La somme de René Alleau ne souffrirait pas d’être résumée en quelques pages : son efficacité lui vient, ainsi qu’il convient, de sa propre méthode. Mais, afin d’illustrer la situation ambiguë de la symbolique générale, que l’usage équivoque du mot « science » manifeste dans le livre d’Alleau, peut-être doit-on souligner un détail : la symbolique générale — science des symboles en vue d’une autre science des symboles — s’oppose à la sémantique générale ou plutôt à sa vocation. En effet, par sémantique générale, on entend, depuis Korzybski, une psychosociologique du signe ; le signe y est défini comme un instrument univoque, analytique et contraignant (toute réaction psychique répond à un signe et tout signe déclenche une réaction psychique) de communication sociale, dont la sémantique générale propose, s’agissant notamment du langage articulé, non seulement une théorie et une critique, mais une pédagogie et, le cas échéant, une thérapeutique.

La sémantique générale ne saurait donc intéresser la science des symboles ni même la symbolique générale qui en aplanit les chemins — voix de René Alleau criant dans le désert de Sorbonne —, sauf parce qu’elle minore la valeur du seul signe qui soit de son ressort et que la symbolique générale s’occupe de signes autres que le symbole afin de distinguer celui-ci et de le faire valoir. Et même de l’opposer à d’autres signes. Car le symbole est, au contraire du signe selon Korzybski, multivoque, synthétique (« holistique » serait meilleur), libérateur enfin. S’il aliène, c’est pour le bien et pour bonifier.

(Entre le signe linguistique et le symbole, René Alleau a proposé dès 1958, et il reprend aujourd’hui son invite, de conférer au signe arbitraire et conventionnel, tel le symbole mathématique par exemple, le nom synthème. Cette proposition mérite le succès. Que de confusions elle préviendrait !)

Roland Barthes a raison d’écrire que, « pour la conscience symbolique, le symbole est beaucoup moins une forme (codifiée) de communication qu’un instrument (affectif) de participation. Le mot symbole, ajoute Barthes, a maintenant quelque peu vieilli ; on le remplace volontiers par signe ou signification.
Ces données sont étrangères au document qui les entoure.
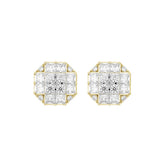 MEN'S EARRINGS 1 3/4CT ROUND/PRINCESS DIAMOND 14K YELLOW GOLD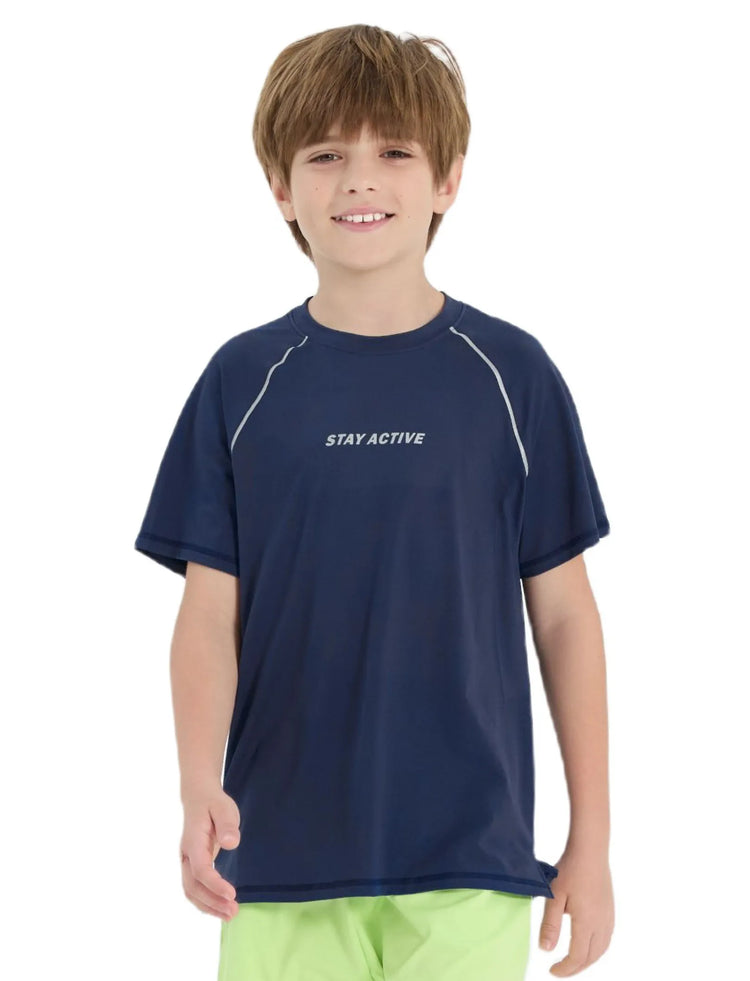 T-shirt de sport à manches courtes PatPat Lightflow Activewear pour garçon, ultra léger et à séchage rapide, bleu foncé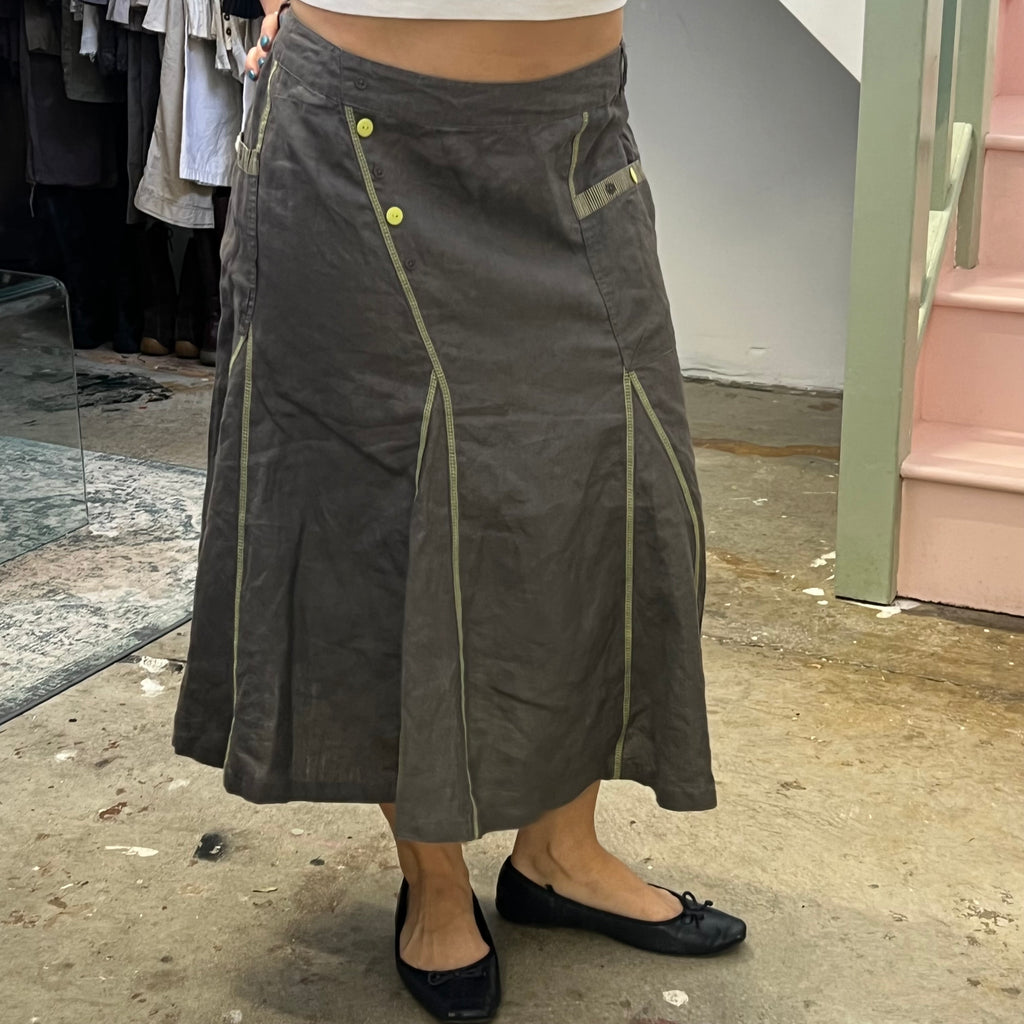 Grey linen utility maxi skirt with green contrast stitching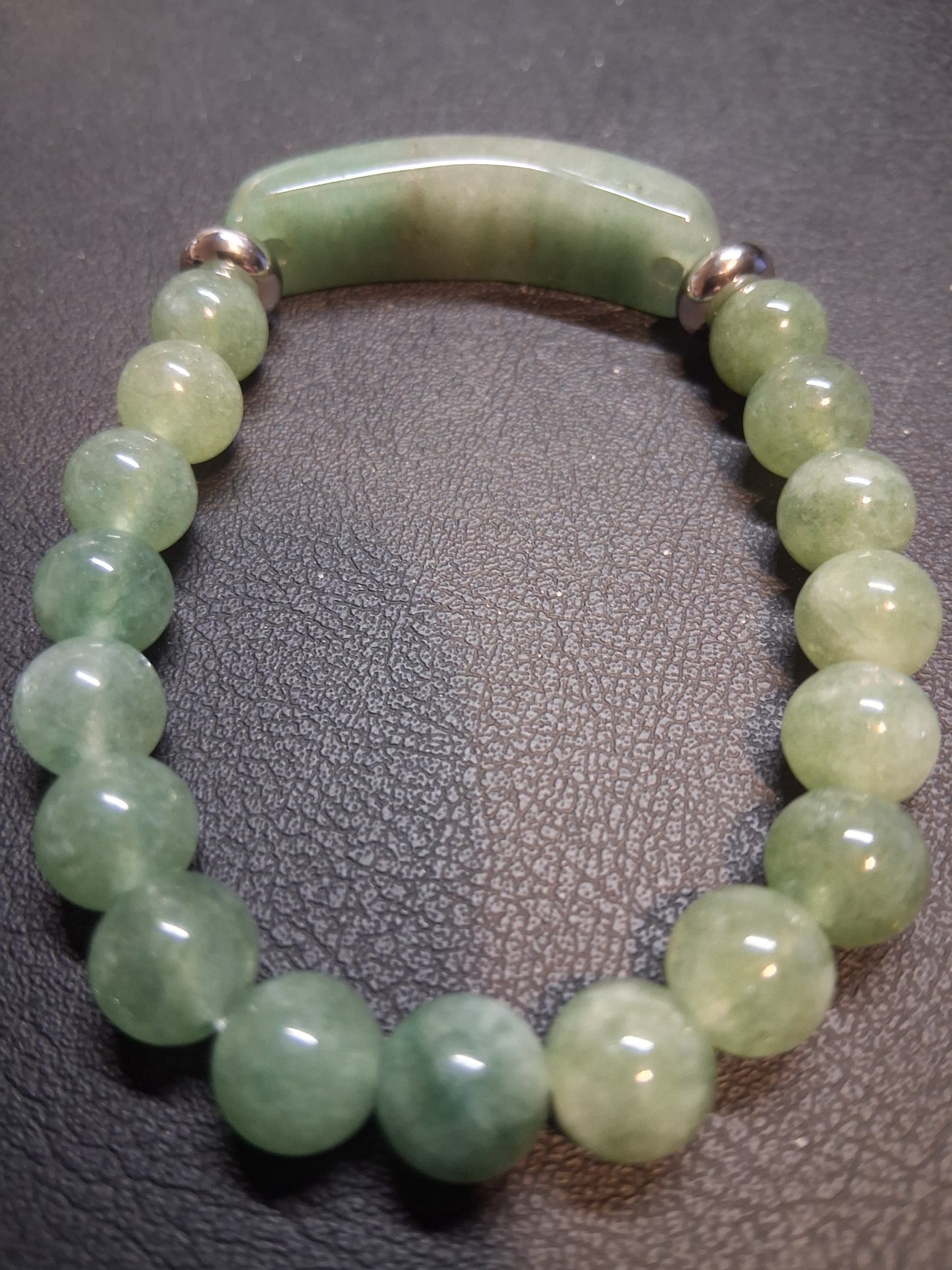 Bracciale con perline con ponte - Avventurina - 8mm - bracciale con charm verde
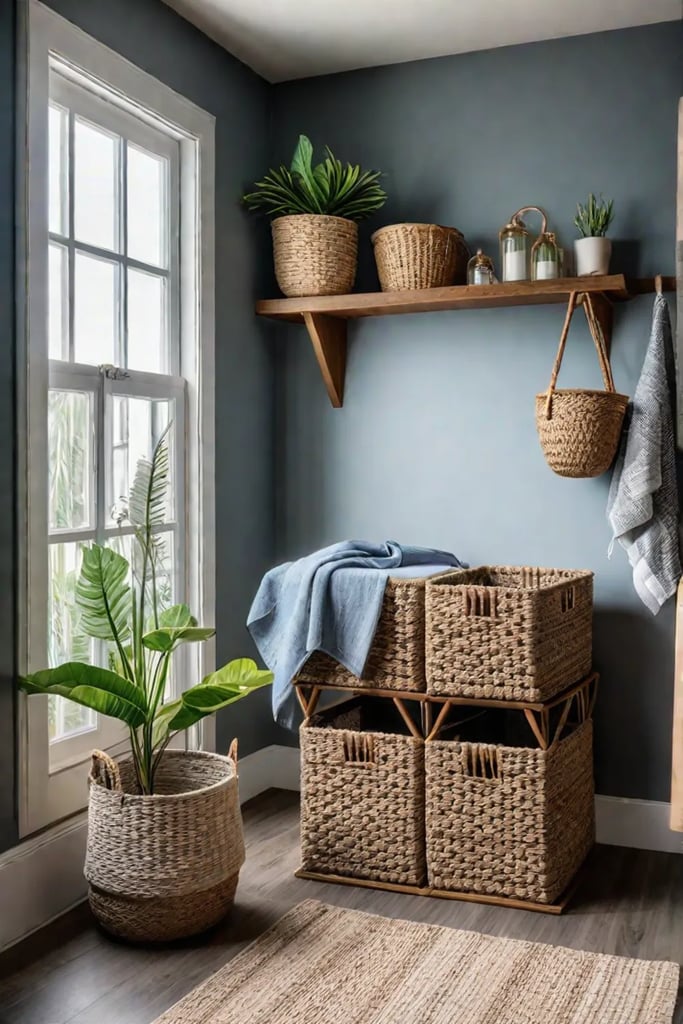 Bohemian laundry room with eclectic storage and petfriendly elements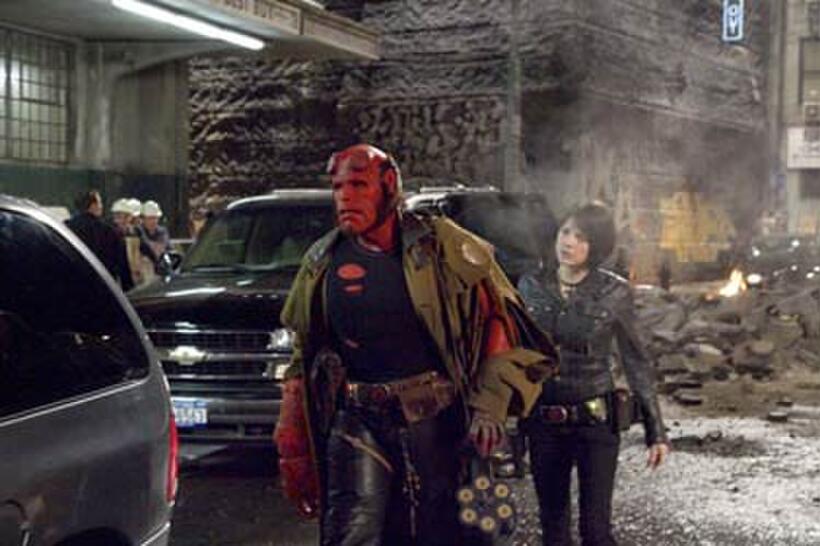 Ron Perlman and Selma Blair in "Hellboy II: The Golden Army."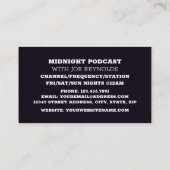 Carte De Visite Microphone élégant, Podcaster, Podcast (Dos)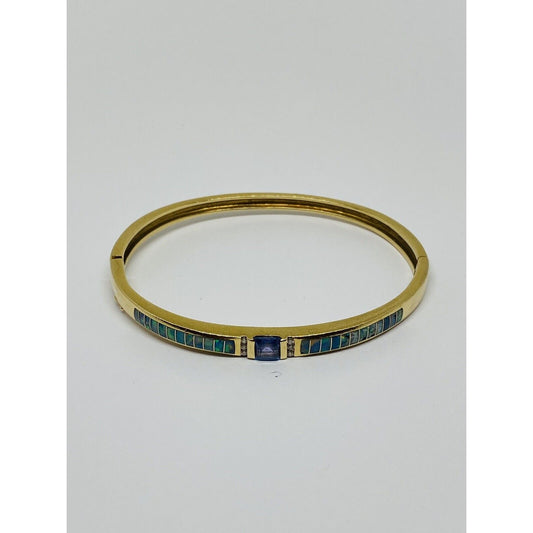 Kabana heavy 14K YG 0.82CT diamond tanzanite & opal bangle bracelet 20.2 Grams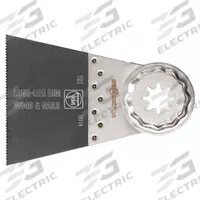 FEIN Oscillating Tool Blade: 2 9/16 in Blade Wd, 3 13/16 in Overall Lg, Log Cutting, Bi-Metal (MPN 63502161260). Key specifications — attr1097473: Plastic; attr1097476: FEIN; attr1097456: Log Cutting.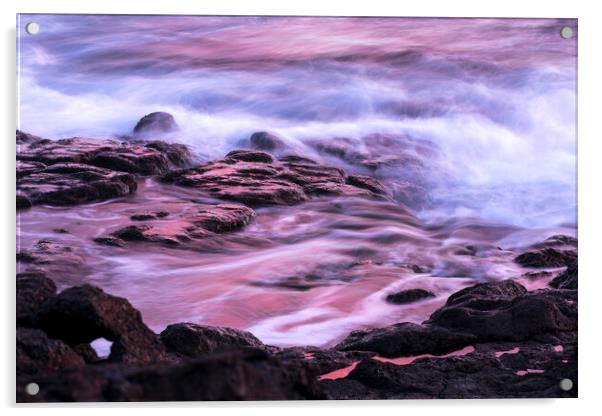 Red sea on rocks Playa San Juan, Tenerife Acrylic by Phil Crean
Ce glissement terminologique traduit un certain effritement de la conscience symbolique, notamment en ce qui concerne le caractère analogique du signifiant et du signifié ».

L’aveu ! Ce n’est pas par hasard que la civilisation scientifique, par référence à une science promise au scientisme, a rejeté en marge l’analogie, et le symbole.

« Analogie » est le mot de la science des symboles

L’analogie est en effet le mot de la science des symboles ; l’être des symboles ou plutôt du symbolisme. René Alleau le remémore, quand il établit que l’analogie instaure la symbolique générale, cette science exacerbée.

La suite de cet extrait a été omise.